As Paola says in the last sentence, this is probably a matter of how different persons use the same language differently.  But I may defend my use of the terms by saying that whereas the first person knowing (I prefer 'knowing' to 'knowledge' for the first person knowing, as I want to emphasize that it is more of a process than of a product) may be 'private' in that it is only accessible to the first person alone, the third person knowledge is not private but public.  (Some of you may recall Wittgenstein's argument about 'private language' here and you’re absolutely right).

The third person knowledge about objects can be transmitted quite easily and that is why science and technology have drastically changed the surface of the earth over the last few centuries.  The third person knowledge as a product can be transferred, stored, added, and combined quite objectively.  We test its validity by experiments that are publicly observable.

But if you want to apply the third person knowledge to your personal skills, you need to adapt it as your contingent elements demand.  This is where a good teacher comes in.  A good teacher is someone who understands not only the third person knowledge, but also the students (their style of the first person knowing).  But a good teacher can only 'help.'  In order to acquire the first person knowing, the student must change him/herself to create a new self that accommodates the first person knowing.

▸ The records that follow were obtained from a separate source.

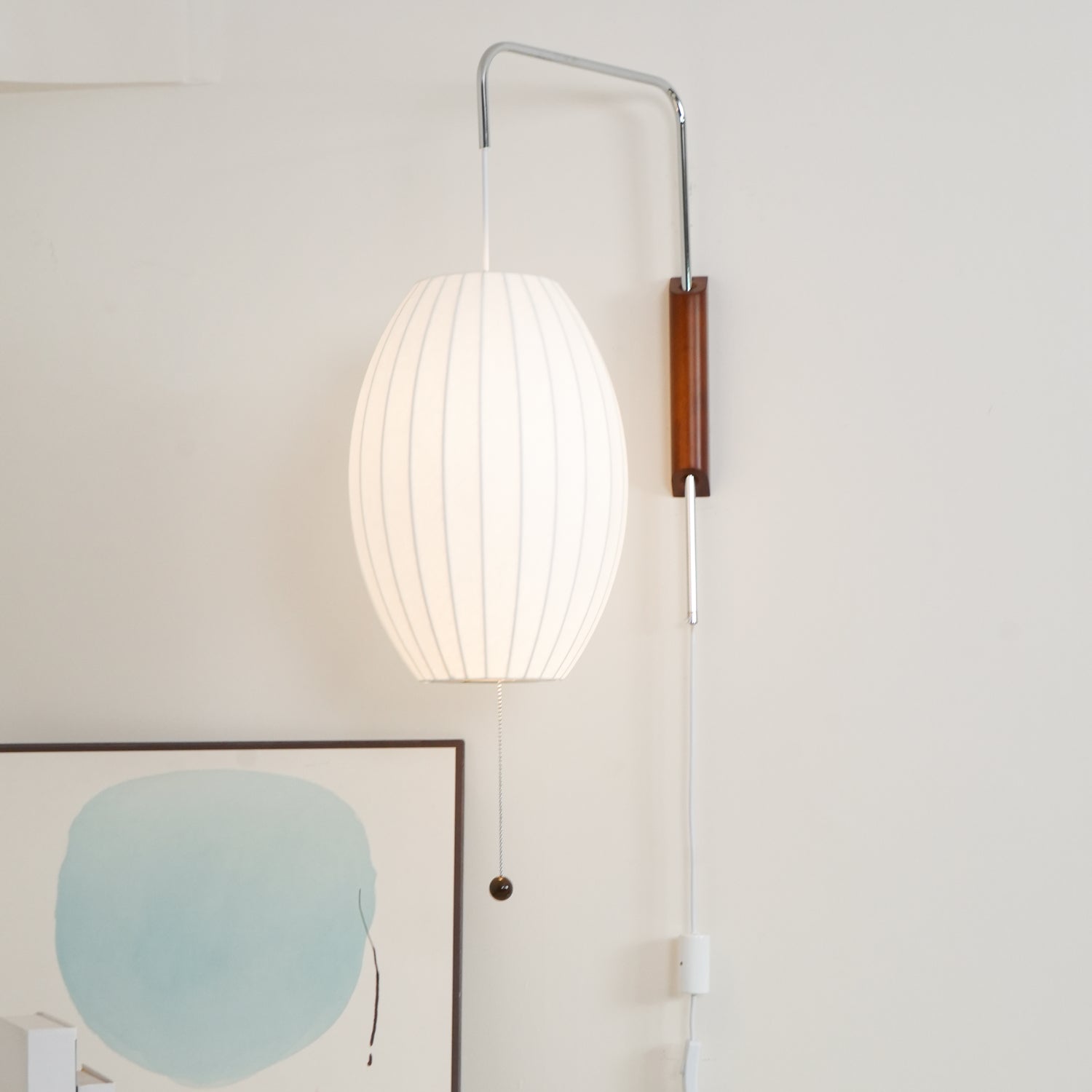Mid-Century Nelson Vägglampa – Tidlös Designerbelysning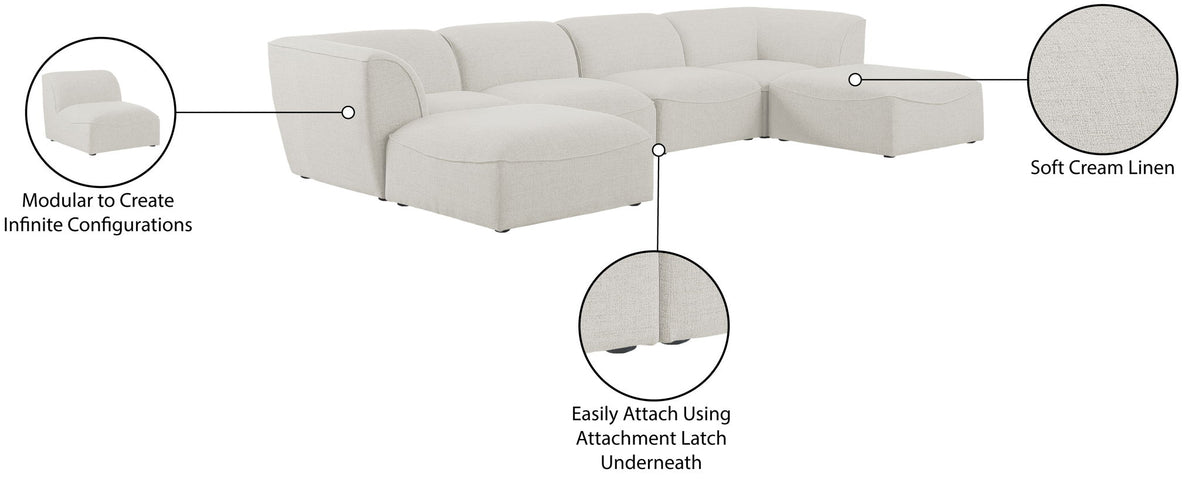 Miramar - 6 Piece Modular Sectional
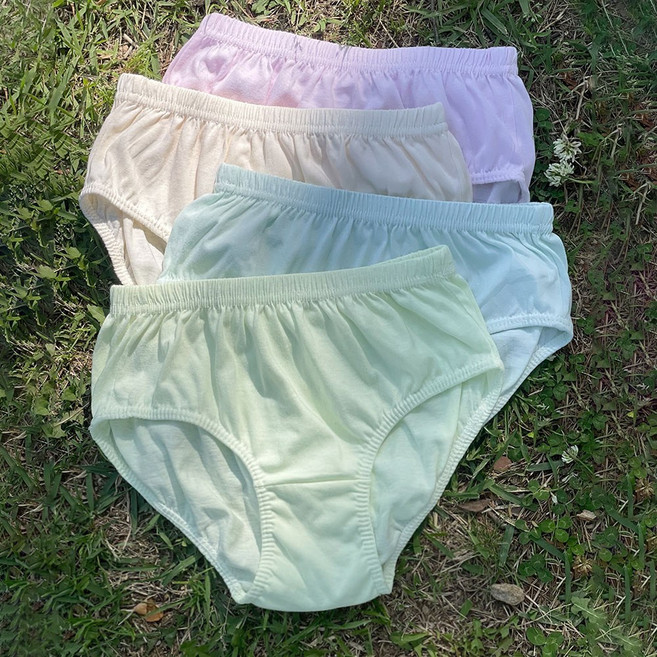 이너피아 여자 학생 면팬티 빅사이즈 엄마 순면 삼각팬티 4매 세트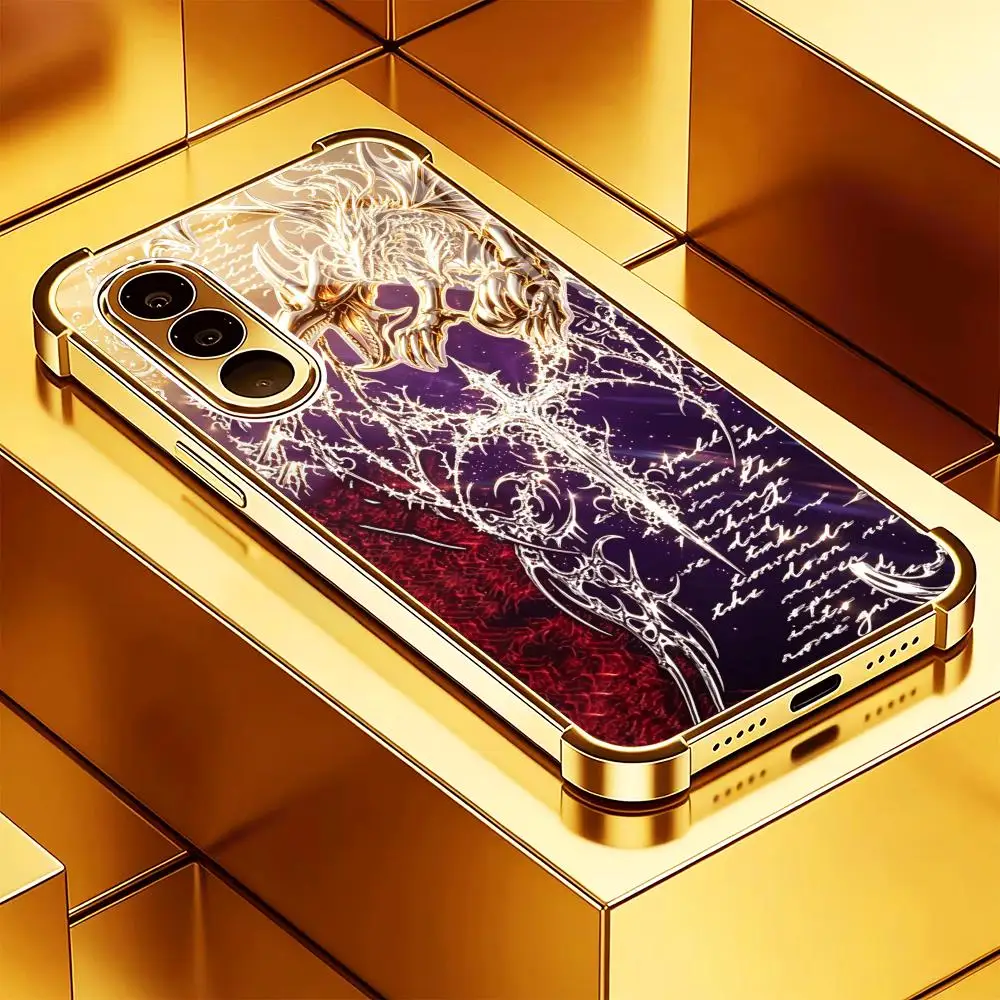 Dragon Thorn Sword s26 ultra case s25 ultra glass phone case for Samsung Galaxy S26 S25 S24 S23 S22 FE,Ultra,Plus Dropresistant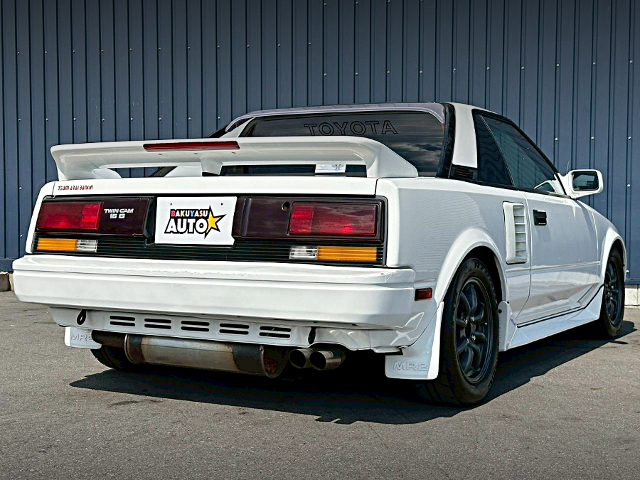 Rear exterior of AW11 MR2 of LEFT-HAND DRIVE.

To change our perspective, let's think how we build the third person knowledge.  It was of course not given by God once and for all.  We all started from our first person knowing.  Attempting to convey the first person knowing to other people, people have invented ways of expressing the first knowing, sophisticated language use, and increased its generalization and abstraction.  The print culture which enabled communication between people in different time and place promoted the generalization and abstraction, and our verbal behavior changed so much as to produce a lot of the third person knowledge, and it led the prosperity of science and technology of modern times.

To sum, the first person knowing is private, but, as Dewey says, it can be communicated (but not directly transferred).  It may further turn into the third person knowledge when it achieves sufficient generalization and abstraction, but then it becomes so remote from the first person knowing.  In other words, the first person knowing can become social, although it is inherently private.  The first person knowing can be socially communicated, but as it is inherently private, it cannot be directly transmitted as in the case of the third person knowledge.


Well, that's all for now.  Thank you.